Kïll Cheerleadër chronology
| Gutter Days (2004) | All Hail (2004) |  |

= All Hail (Kïll Cheerleadër album) =

All Hail is Kïll Cheerleadër's first full-length album, released in 2004, by Spinerazor/Corporate Punishment Records and later reissued in 2006. 6 out of the 12 songs on this album were featured on their previous releases as well.

== Track listing ==
1. "Sell Your Soul" (E.Deth, T.War) – 3:11 (Appeared on Gutter Days as "RNR")
2. "So Young" (E.Deth, T.War, C.MacKinnon) – 3:43 (Appeared on the Go demo as "Go")
3. "Deathboy" (E.Deth, T.War) – 2:39
4. "Lady of the Night" (E.Deth, T.War) – 3:39 (Appeared on Gutter Days as "Straight To Hell")
5. "No Feelings" (E.Deth, T.War, C.MacKinnon) – 3:30
6. "Go Away" (E.Deth, T.War) – 3:38
7. "Find Your Own Way Home" (E.Deth, T.War, C.MacKinnon) – 3:08
8. "Want Action" (E.Deth, T.War) – 3:14 (Appeared on the Go demo and Gutter Days)
9. "Don't Call Me Baby, Baby" (E.Deth, T.War, C.MacKinnon) – 3:55 (Appeared on Gutter Days)
10. "Bad Habit" (E.Deth, T.War) – 3:15 (Appeared on the Go demo)
11. "No Lullabies" (E.Deth, T.War) – 3:42
12. "Hurt the People You Love" (E.Deth, T.War) – 0:49

== Personnel ==
- Ethan Deth - Vocals, Bass
- Anthony Useless (T. War) - Vocals, Guitar
- Chad MacKinnon - Lead Guitar
- Kriss Rites - Drums
- All songs arranged by Kïll Cheerleadër
- Recorded and Produced by Jordon Zadoronsky and Kïll Cheerleadër
- Mixed by Terry Sawchuck, Kïll Cheerleadër, Jordon Zadoronsky (track 11) and No One (track 12)
- Mix Touch-Ups - Ted Onyszczak
- Mastered by Andy Krehm
- Exec.

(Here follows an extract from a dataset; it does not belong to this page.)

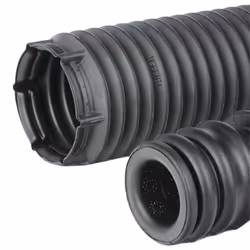 BILSTEIN - B1 Service Parts 11-268253 Kit De Protection d'Amortisseur Essieu avant VOLKSWAGEN: California T5 Minibus, Transporter 5 Bus, Transporter 5 - Vue supplémentaire 4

Produced by Spencer Cage
- Drums on track 3 by Jimmy Nova
- Cover Art by Ethan Deth and Penny Parker

==Critical reception==
Evan Davies of Now gave the album a three out of five rating, calling it "a well-executed and upbeat hard rock album that succeeds at capturing the band’s energy and sweat without compromising quality", and noting similarities to Motörhead and Mötley Crüe.